Entries taken from a collection
-- Opening Marker --

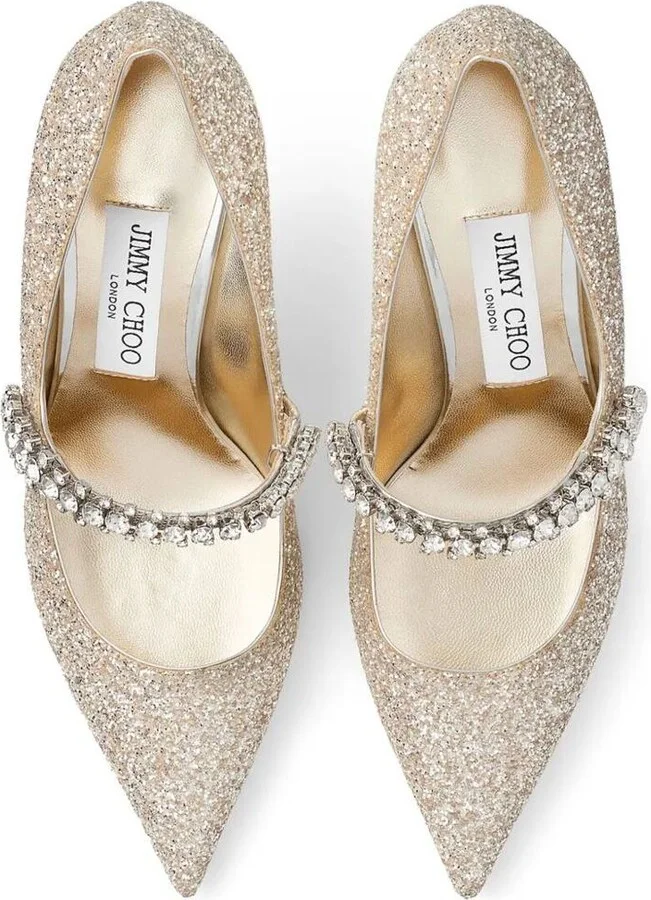 Jimmy Choo Crystal Embellished Bing 65 Pumps In Glitter Fabric Shoes - Image 4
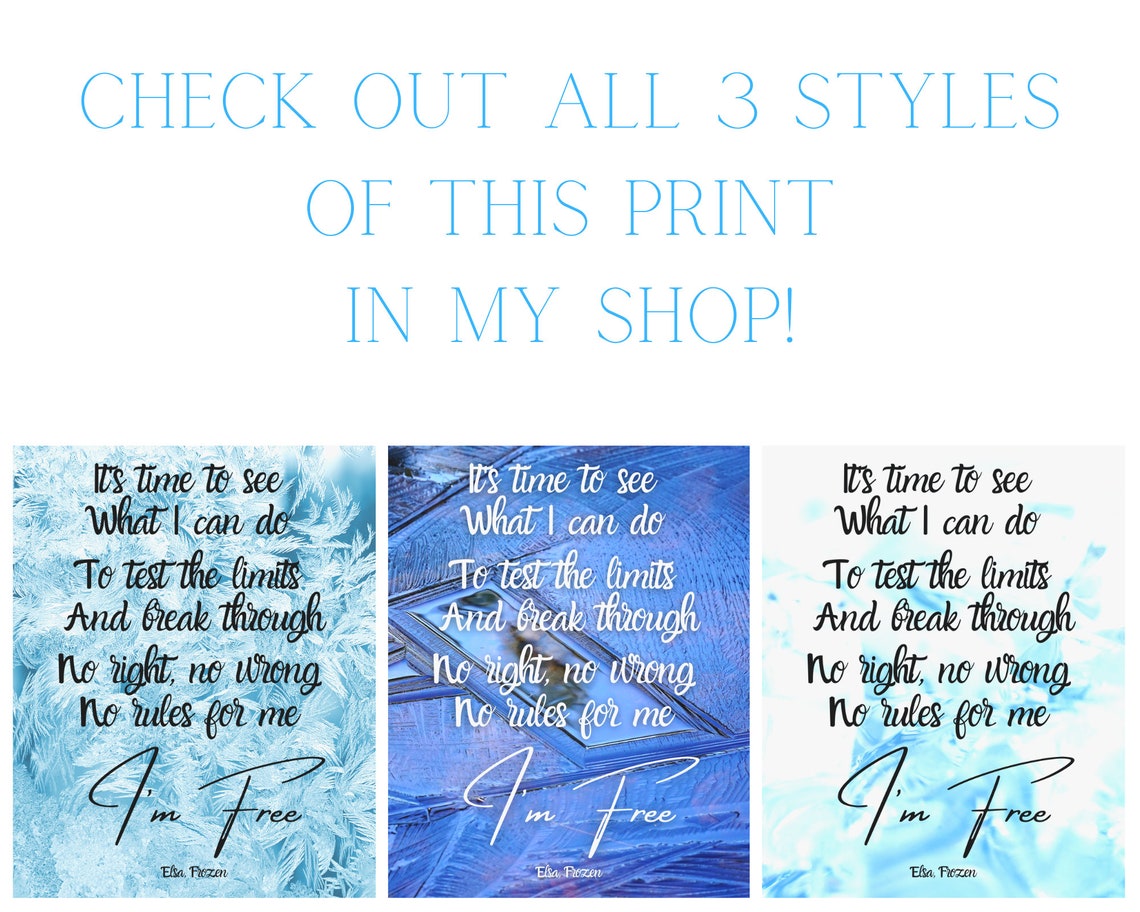 Let It Go Frozen Lyrics Print Elsa It's time to see what | Etsy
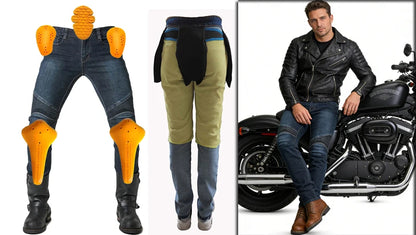 Men Kevlar Motorcycle Jeans Windproof Abrasion Resistant Protective Pants Blue Off Road Riding Trousers Four Season Gear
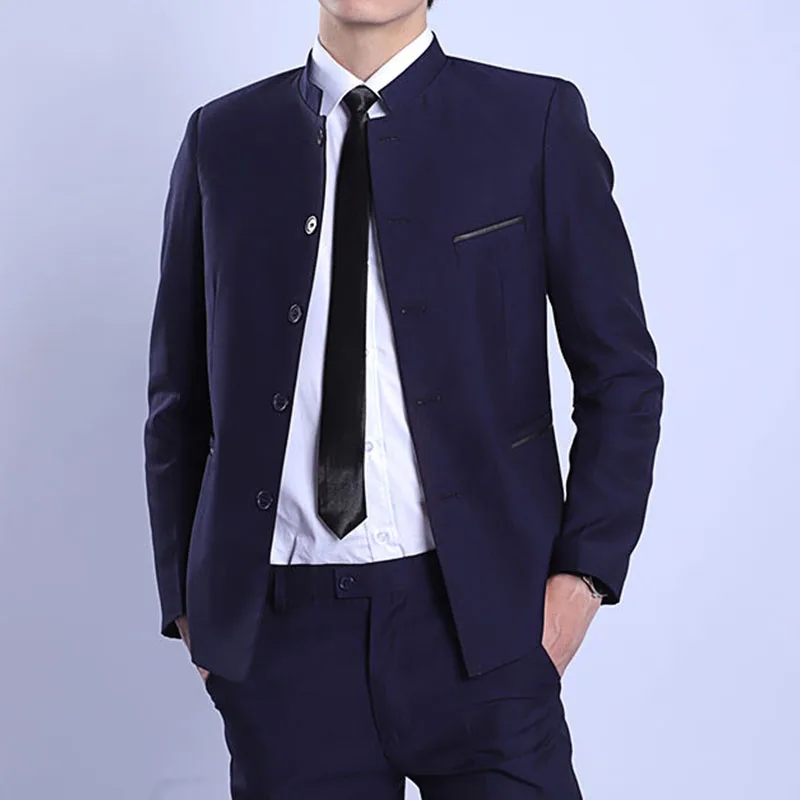 Мужской однобортный костюм-туника в китайском стиле с воротником-стойкой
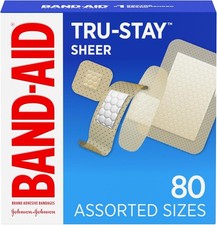 BAND-AID Brand Tru-Stay Sheer Adhesive Bandages, Assorted Sizes, 80 Count | Depe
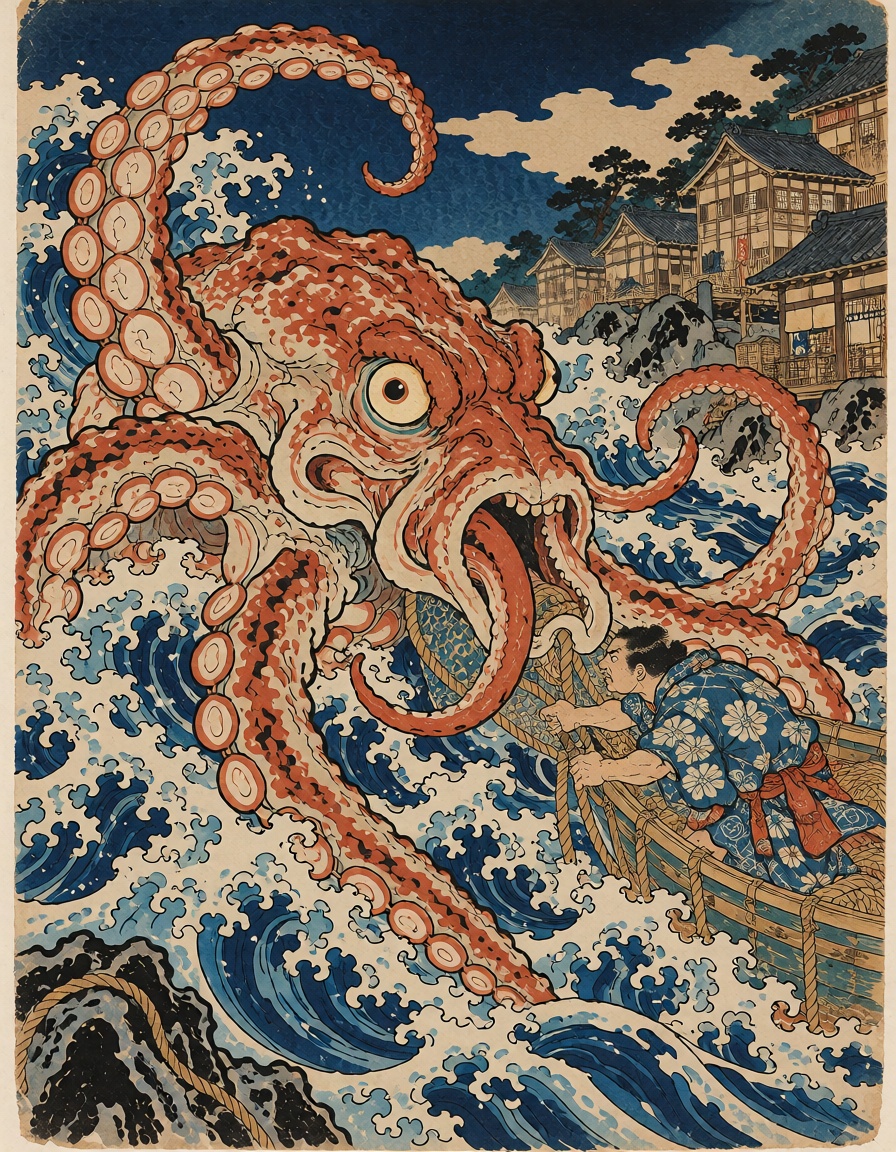 giant octopus emerging from turbulent coastal waters beside a fishing village,  fishermen struggling with ropes and nets,...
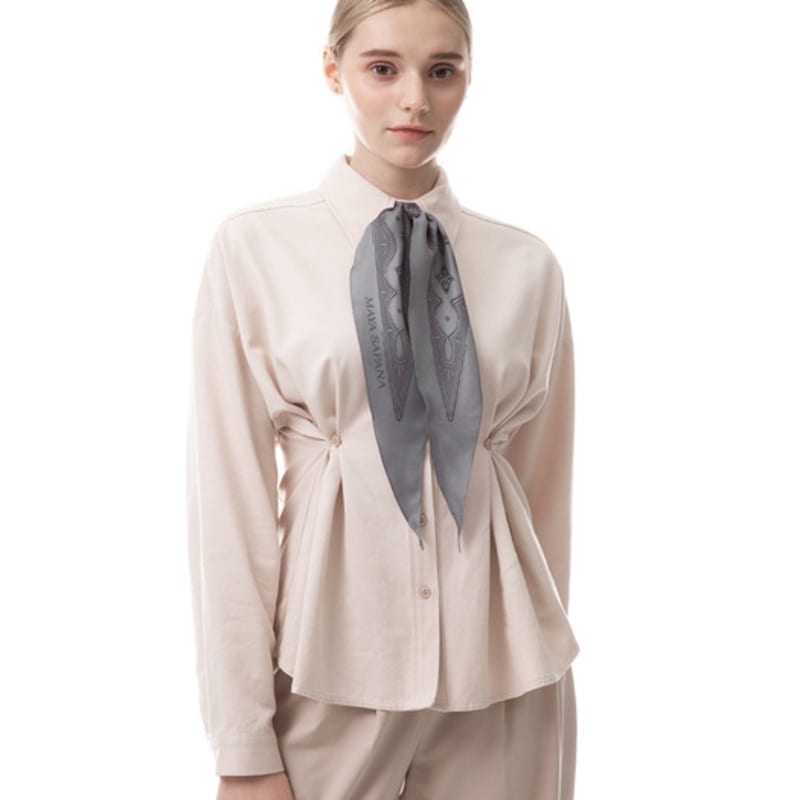 MAYA SAPANA Printed Silk Rhombus Scarf - Grey Flannel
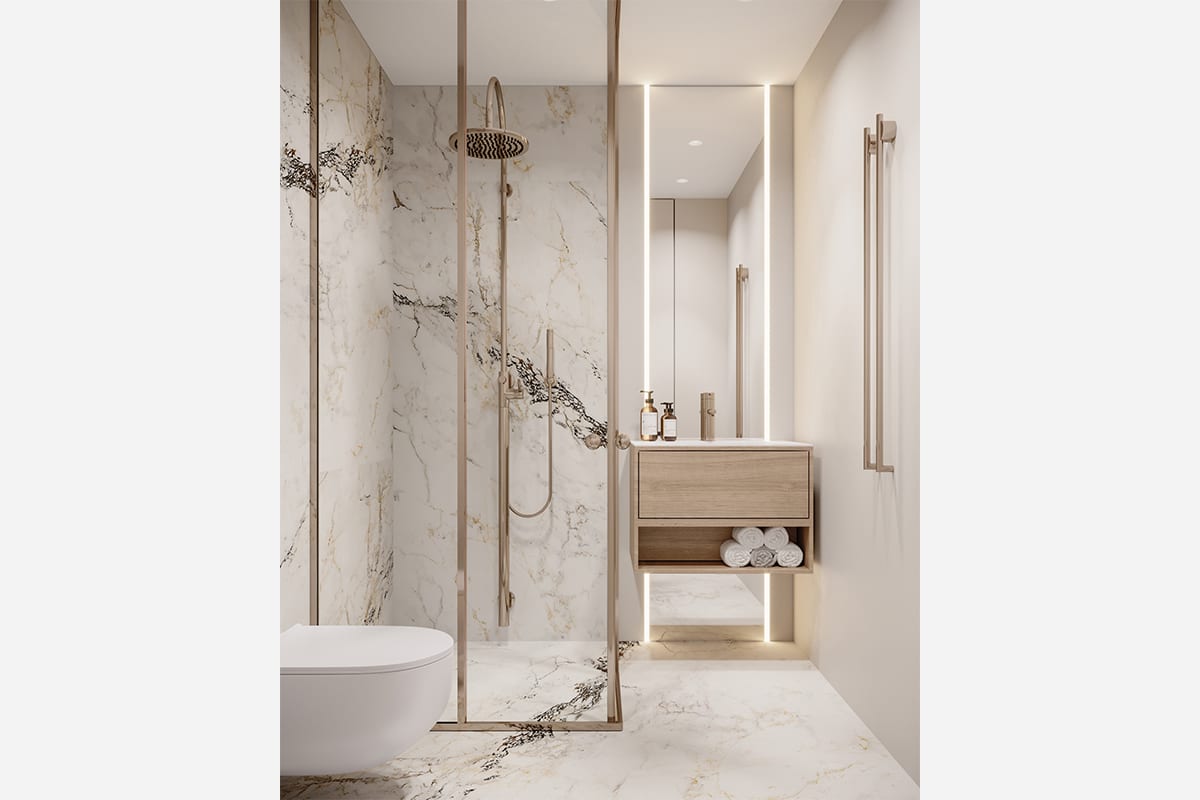 Small bathroom interior design with marble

-- Closing Marker --

● Task:
Copy out all the data exactly. The images should not appear in the copy.

● Completed exercise:
 Jimmy Choo Crystal Embellished Bing 65 Pumps In Glitter Fabric Shoes - Image 4
 Let It Go Frozen Lyrics Print Elsa It's time to see what | Etsy
 Men Kevlar Motorcycle Jeans Windproof Abrasion Resistant Protective Pants Blue Off Road Riding Trousers Four Season Gear
 Мужской однобортный костюм-туника в китайском стиле с воротником-стойкой
 BAND-AID Brand Tru-Stay Sheer Adhesive Bandages, Assorted Sizes, 80 Count | Depe
 giant octopus emerging from turbulent coastal waters beside a fishing village,  fishermen struggling with ropes and nets,...
 MAYA SAPANA Printed Silk Rhombus Scarf - Grey Flannel
 Small bathroom interior design with marble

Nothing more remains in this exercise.